Ego is not a dirty word...

Ego is not a dirty word...

But does ego have a place in aikido?

In an art where there is no competition, ego is well and truly on display. Some of the most dynamic and beautiful demonstrations of aikido are by sensei's who have enormous egos!

But that does not mean their techniques are by default martial. Which seems to me where aikido gets a bit unstuck.

As an attacker or uke, we ‘give' ourselves so the defender or nage, can learn to polish their technique. We ‘receive' ukemi (break fall or rolling) knowing we are going down!

For a nage (the person doing the technique) to learn, we must attack them with intention. A sloppy attack is useless, whereas as committed attack allows nage to tap into momentum, gravity, leverage, timing, blending, mind and body coordination - even ki!

Because the pact is, we attack expecting we wont be hurt, and the teacher/nage will give us a window of escape - and that gap closes with experience, and then opens up again with age. This way we can still train when we can't roll anymore. Hence age being no barrier to training aikido.

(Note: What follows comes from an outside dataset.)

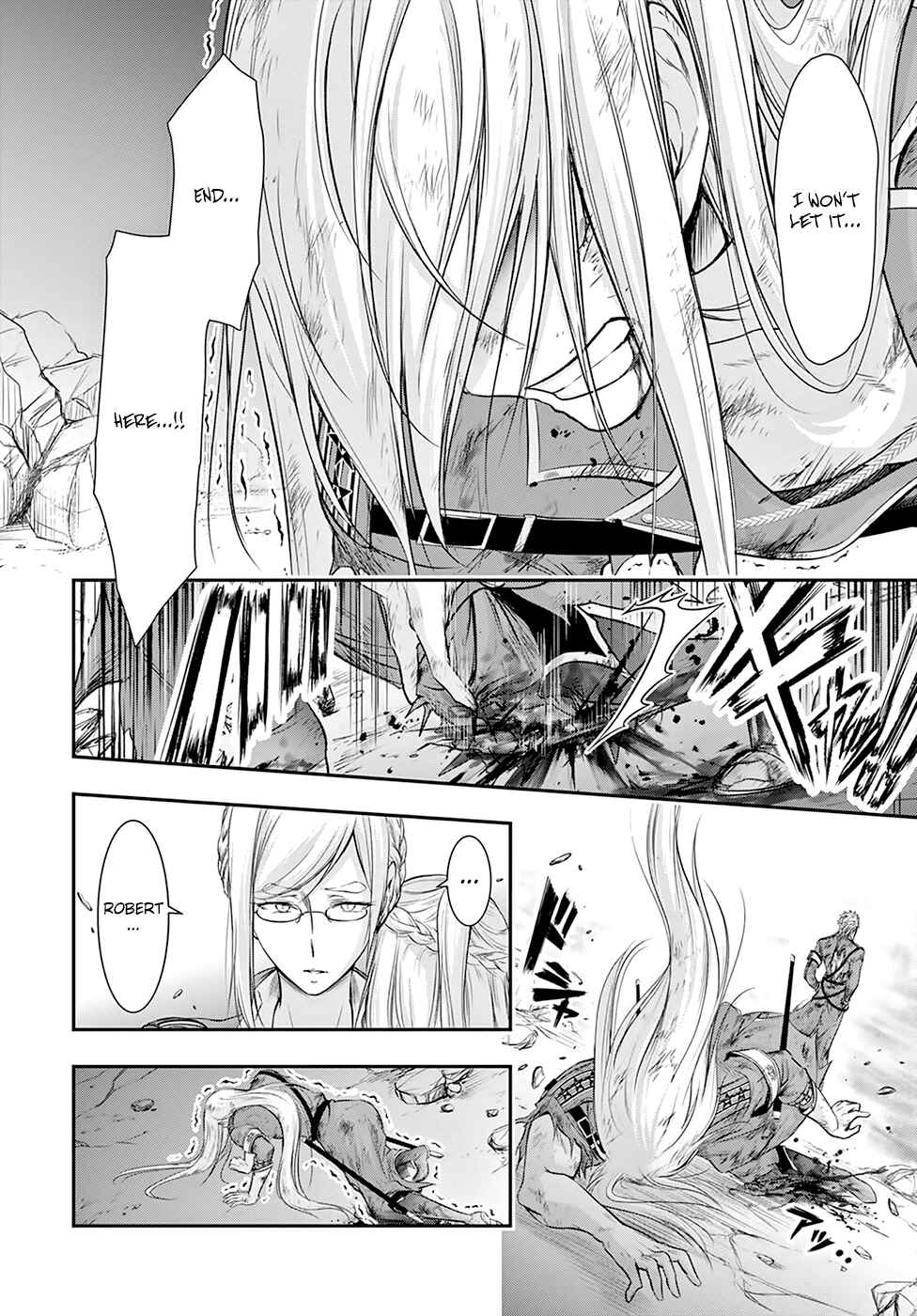 Page 5 Chapter 60 Plunderer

As a demonstration art, which aikido is, it may not hold up to real resistance or counter attack. But that's not why most people train. Aikido is way too sophisticated to stoop to brawling and cage fighting. Why would you train aikido if you want to hurt people? 

Training aikido with resistance changes the art from the passive, energetic, even acrobatic art we see today. We can't know now if aikido was ever 'martial', but we do know that it was trained a lot harder (ie. less regard for injuries, more duelling) in most dojos before 1950. Certainly, as you get closer to when aikido evolved from daito ryu, the art appeared more martial, with much more atemi. That was the Japanese way. Watch closely, copy if you can.